§ WHAT IS REQUIRED
Transcribe the stretch of entries below from the line with "脸红Dearie的私人健身教练,她的完美身材背后有何秘密? 脸红Dearie的私人健身教练,她的完美身材背后有何秘密?" through the line with "メルティールミナスルージュ(ティントタイ", exactly and with both ends included; leave out all other lines.

[[ MATERIAL PROVIDED open ]]

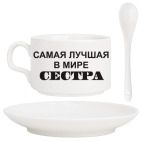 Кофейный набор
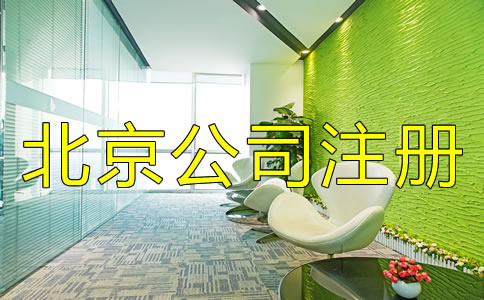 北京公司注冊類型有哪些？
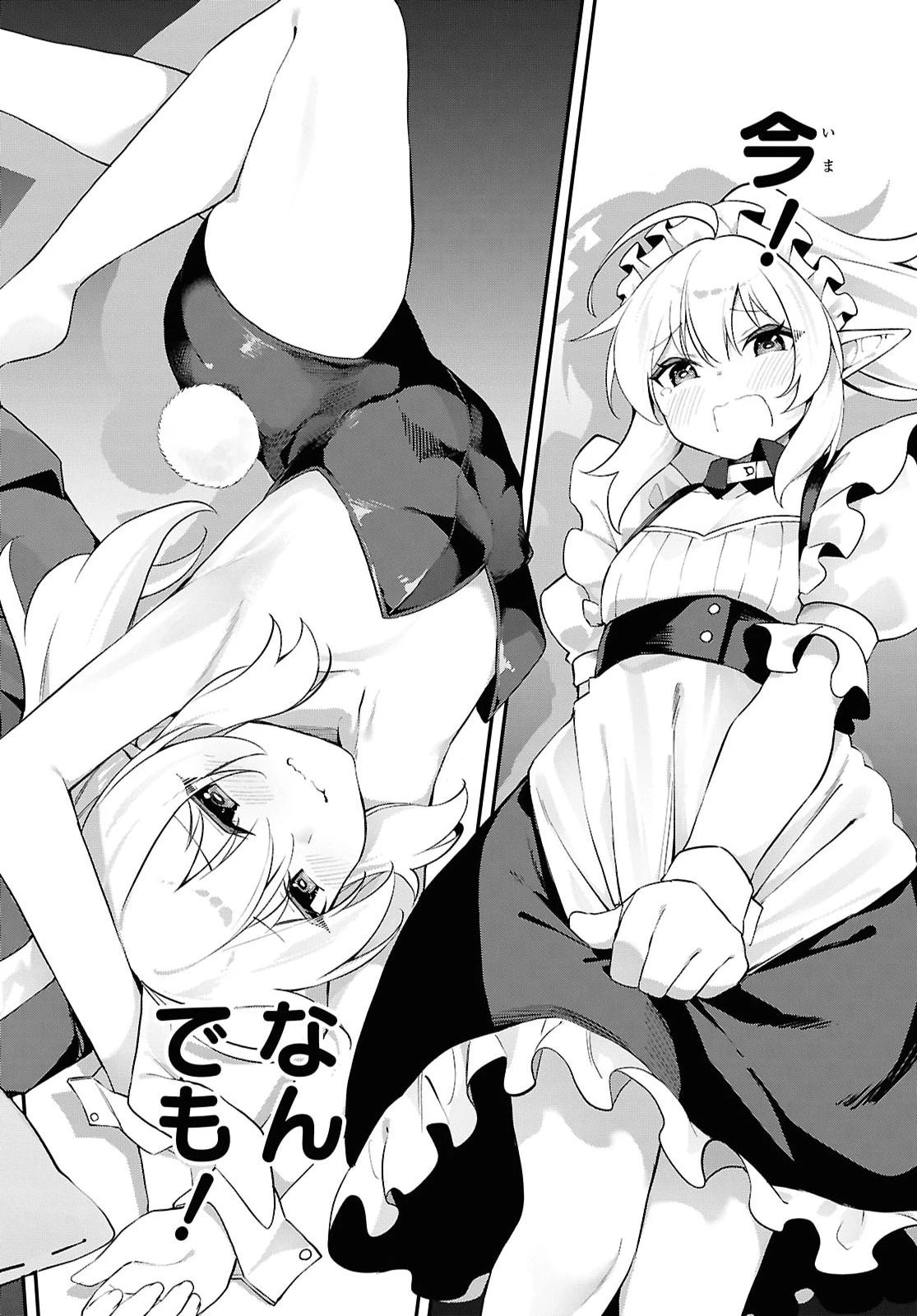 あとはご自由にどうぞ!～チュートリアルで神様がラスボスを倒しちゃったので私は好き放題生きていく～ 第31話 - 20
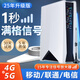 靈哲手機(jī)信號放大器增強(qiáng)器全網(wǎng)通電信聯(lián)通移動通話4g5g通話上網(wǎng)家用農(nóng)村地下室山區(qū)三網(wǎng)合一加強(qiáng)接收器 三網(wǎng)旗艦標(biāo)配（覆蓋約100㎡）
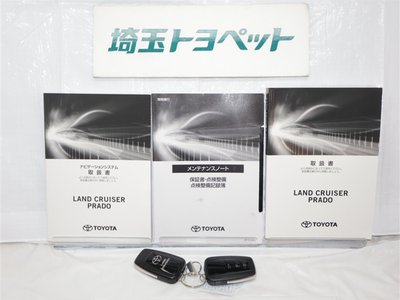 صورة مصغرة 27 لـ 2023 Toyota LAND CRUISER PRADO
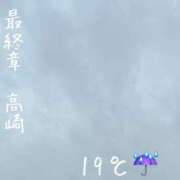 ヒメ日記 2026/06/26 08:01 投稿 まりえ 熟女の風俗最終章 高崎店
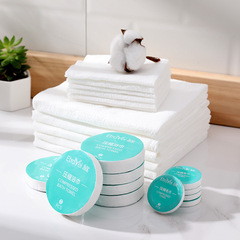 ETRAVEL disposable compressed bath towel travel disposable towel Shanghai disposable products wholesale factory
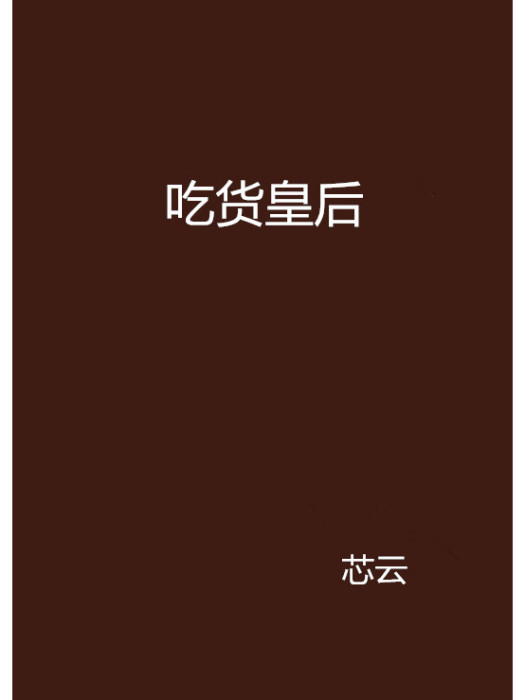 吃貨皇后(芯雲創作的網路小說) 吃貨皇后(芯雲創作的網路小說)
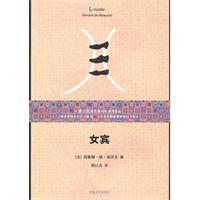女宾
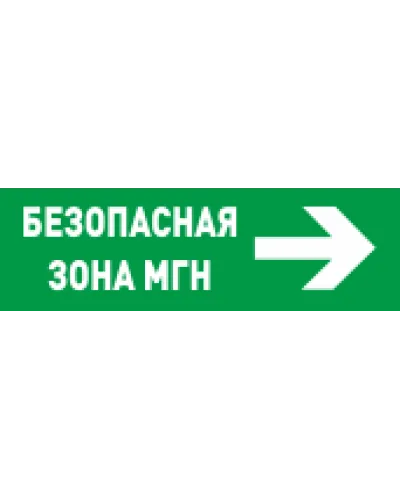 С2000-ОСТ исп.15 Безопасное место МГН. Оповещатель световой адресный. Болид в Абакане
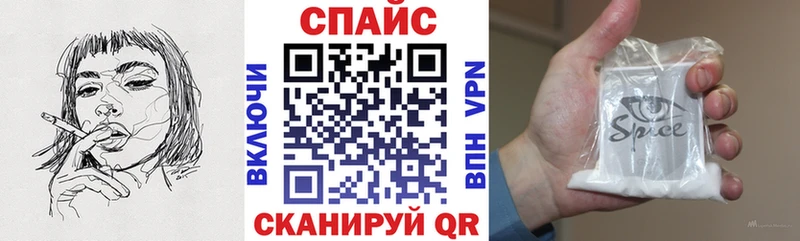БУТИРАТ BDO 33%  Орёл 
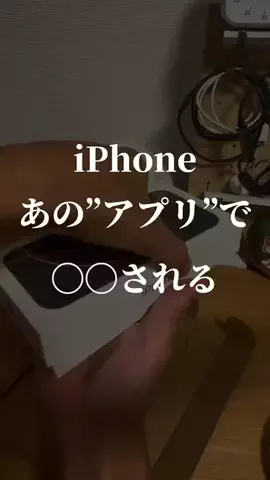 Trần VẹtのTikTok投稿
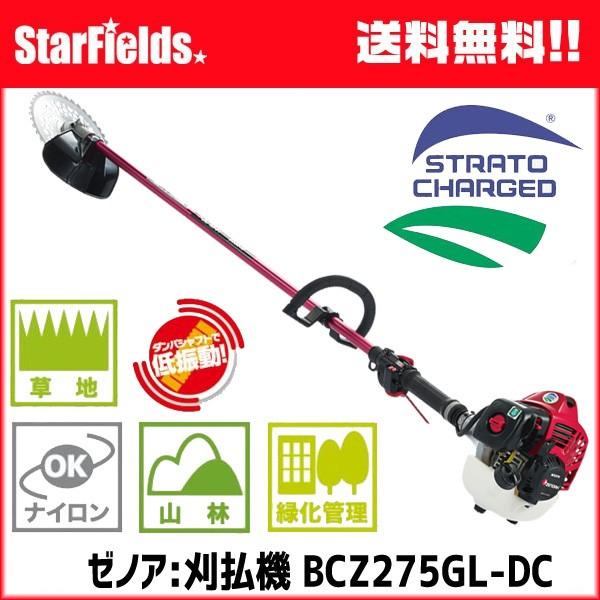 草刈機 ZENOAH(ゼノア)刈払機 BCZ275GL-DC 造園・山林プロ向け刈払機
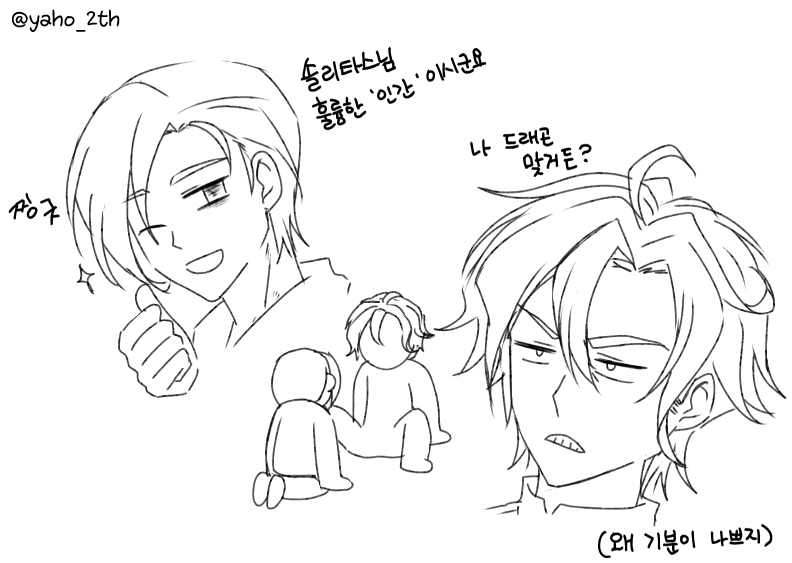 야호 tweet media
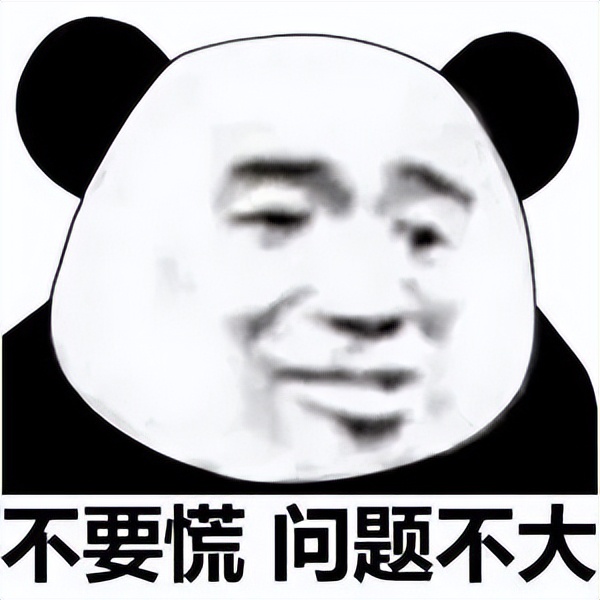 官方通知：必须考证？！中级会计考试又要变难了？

[[ MATERIAL PROVIDED closed ]]
[[ MATERIAL PROVIDED open ]]

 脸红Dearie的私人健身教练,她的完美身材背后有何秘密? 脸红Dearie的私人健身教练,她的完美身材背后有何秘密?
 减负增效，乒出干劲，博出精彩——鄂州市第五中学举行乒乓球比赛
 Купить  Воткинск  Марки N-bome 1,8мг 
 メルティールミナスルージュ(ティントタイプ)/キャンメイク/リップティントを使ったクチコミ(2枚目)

[[ MATERIAL PROVIDED closed ]]

§ REPLY TO THE EXERCISE
 脸红Dearie的私人健身教练,她的完美身材背后有何秘密? 脸红Dearie的私人健身教练,她的完美身材背后有何秘密?
 减负增效，乒出干劲，博出精彩——鄂州市第五中学举行乒乓球比赛
 Купить  Воткинск  Марки N-bome 1,8мг 
 メルティールミナスルージュ(ティントタイプ)/キャンメイク/リップティントを使ったクチコミ(2枚目)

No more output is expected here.